To get a more realistic picture of the renewables build-out, we need to think in terms of “average capacity”—the nameplate capacity multiplied by the capacity factor. By that metric, the 10 GW of wind and solar nameplate capacity added in 2012 really amounted to a measly 1.24 GW of average capacity. Compare that with the average capacity of, say, the Brokdorf nuclear reactor, whose 1.37 GW nameplate capacity would have an average capacity of 1.28 GW, generating as much carbon-free electricity as all the wind turbines and solar panels commissioned in 2012. At the current installation rate, it would take the wind and solar generator fleets some sixteen years to muster enough new average capacity to replace the 20.3 GW of Germany’s 2010 nuclear fleet—with nothing to spare for the displacement of fossil-fueled electricity in the meantime.

Because of the terrible performance of solar and onshore wind, Germany plans to build offshore wind turbines, which could have twice the capacity factor of onshore turbines (at twice the cost). Angela Merkel’s government has targeted 10 GW of offshore wind by 2020, according to Reuters. But assuming very optimistic capacity factors of 40 percent for offshore turbines—which would be higher than the average capacity factors in Britain and Denmark, the only countries with appreciable offshore windthat 10 GW would represent average capacity of just 4 GW, less than a quarter of the 2010 nuclear capacity that will be shut down by 2022.

The Energiewende is building as much coal and gas capacity as it is wind and solar capacity—more, in fact, by the proper metric of average capacity. In 2012 Germany commissioned new coal-fired generators with combined nameplate power of 2.9 GW, which can run at capacity factors of 80 percent or better. That’s an average capacity of perhaps 2.3 GW—nearly twice as much as all the solar and wind power added in 2012. According to utility consortium BdeW, another 4.6 GW of coal power will come on line this year. Of a planned 42.5 GW of major power plants to be built by 2020, including offshore wind, pumped storage, hydro, and biomass, fully two-thirds—28.5 GW—will be new coal and gas generators. Taking into account their high capacity factors, in 2020 these new fossil-fueled plants will have more average capacity than all of Germany’s wind and solar generators combined. Partly they will replace older, dirtier coal plants, but there will be an overall expansion; a study by the German Energy Agency forecasts a net rise in coal and gas capacity from 76 GW in 2010 to 83 GW in 2030.

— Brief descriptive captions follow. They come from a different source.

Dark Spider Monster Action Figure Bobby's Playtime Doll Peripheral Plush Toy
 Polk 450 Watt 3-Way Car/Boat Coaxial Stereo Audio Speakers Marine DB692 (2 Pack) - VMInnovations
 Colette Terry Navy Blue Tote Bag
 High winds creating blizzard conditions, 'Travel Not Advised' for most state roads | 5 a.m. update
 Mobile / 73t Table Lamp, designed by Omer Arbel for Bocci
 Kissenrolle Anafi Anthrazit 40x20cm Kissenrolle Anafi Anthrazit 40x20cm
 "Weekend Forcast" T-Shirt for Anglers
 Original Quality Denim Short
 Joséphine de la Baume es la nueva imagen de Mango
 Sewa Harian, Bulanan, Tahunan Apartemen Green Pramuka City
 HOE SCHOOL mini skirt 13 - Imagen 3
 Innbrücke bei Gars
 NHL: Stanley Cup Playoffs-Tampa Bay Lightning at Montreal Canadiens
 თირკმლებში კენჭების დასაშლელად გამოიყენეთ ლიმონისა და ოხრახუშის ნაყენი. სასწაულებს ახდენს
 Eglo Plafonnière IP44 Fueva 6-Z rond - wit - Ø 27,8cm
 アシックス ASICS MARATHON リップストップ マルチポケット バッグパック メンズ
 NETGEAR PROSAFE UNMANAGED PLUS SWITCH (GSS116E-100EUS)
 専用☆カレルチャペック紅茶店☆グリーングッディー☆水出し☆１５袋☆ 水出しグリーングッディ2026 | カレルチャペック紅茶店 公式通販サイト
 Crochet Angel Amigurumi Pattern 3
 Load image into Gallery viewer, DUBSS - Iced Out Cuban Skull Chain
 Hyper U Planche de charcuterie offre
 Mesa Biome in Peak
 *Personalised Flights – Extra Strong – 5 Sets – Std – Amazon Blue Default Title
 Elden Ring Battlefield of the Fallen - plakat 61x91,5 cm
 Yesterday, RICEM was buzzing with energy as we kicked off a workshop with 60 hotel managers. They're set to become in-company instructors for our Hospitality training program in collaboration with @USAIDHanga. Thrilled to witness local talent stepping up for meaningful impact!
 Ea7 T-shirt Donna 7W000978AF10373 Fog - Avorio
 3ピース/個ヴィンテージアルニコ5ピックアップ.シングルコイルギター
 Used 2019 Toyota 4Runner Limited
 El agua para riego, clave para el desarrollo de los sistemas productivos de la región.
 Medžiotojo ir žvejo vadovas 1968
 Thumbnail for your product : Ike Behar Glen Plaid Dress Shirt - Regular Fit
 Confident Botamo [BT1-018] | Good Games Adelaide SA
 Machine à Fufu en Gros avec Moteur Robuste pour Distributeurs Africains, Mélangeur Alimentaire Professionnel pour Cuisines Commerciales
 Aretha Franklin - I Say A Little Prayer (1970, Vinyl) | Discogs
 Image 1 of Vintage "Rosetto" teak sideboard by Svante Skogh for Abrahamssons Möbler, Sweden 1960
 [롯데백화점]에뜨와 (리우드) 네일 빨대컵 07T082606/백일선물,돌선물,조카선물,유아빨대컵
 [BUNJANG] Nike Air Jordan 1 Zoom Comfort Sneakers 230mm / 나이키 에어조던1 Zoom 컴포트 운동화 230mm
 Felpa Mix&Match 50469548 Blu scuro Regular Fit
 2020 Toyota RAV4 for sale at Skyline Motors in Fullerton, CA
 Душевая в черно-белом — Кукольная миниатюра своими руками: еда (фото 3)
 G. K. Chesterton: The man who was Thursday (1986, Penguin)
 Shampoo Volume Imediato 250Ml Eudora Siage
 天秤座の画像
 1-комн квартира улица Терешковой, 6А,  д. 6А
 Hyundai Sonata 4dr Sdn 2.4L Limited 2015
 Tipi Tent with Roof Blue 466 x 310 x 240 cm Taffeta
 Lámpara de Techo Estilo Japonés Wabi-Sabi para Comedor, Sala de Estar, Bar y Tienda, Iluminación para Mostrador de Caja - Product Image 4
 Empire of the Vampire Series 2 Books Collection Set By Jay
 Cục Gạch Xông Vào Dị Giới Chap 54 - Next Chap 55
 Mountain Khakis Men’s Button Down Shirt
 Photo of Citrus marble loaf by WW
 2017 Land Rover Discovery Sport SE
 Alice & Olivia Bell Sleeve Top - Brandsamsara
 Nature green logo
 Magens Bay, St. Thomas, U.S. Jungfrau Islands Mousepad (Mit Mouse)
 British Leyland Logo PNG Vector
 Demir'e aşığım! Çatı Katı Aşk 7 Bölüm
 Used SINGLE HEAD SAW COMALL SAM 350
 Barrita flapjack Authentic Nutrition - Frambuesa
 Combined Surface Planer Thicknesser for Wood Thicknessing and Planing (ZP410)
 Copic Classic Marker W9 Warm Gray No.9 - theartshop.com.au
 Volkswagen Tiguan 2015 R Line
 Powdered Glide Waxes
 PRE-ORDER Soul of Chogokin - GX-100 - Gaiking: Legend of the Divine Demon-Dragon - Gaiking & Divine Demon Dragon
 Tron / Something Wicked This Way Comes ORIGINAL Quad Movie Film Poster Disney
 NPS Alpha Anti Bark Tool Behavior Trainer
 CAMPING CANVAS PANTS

If the point is to eliminate greenhouse gases, why is the Energiewende turning to fossil fuels? The reason is that, in a crucial respect, wind and solar can never fully replace nuclear power, because they can’t equal the reliability of nuclear reactors. The main job of the new fossil-fueled plants is not to retire grungy old coal boilers, but to replace nukes with grungy new coal boilers. To see why, we have to consider the distinction between dispatchable and intermittent generators.


So far we’ve looked at aggregate generation—the total amount of electricity churned out during a whole year. But aggregate generation doesn’t cut it when it comes to electricity. To avoid blackouts and overloads, the grid has to match generation with consumption on a moment-to-moment basis, not on a yearly basis. Since it’s difficult and expensive to store electricity on a significant scale, the grid can’t bank much excess electricity production to draw on later during shortfalls; it has to reliably produce all the power demanded each moment, largely from generators then on line.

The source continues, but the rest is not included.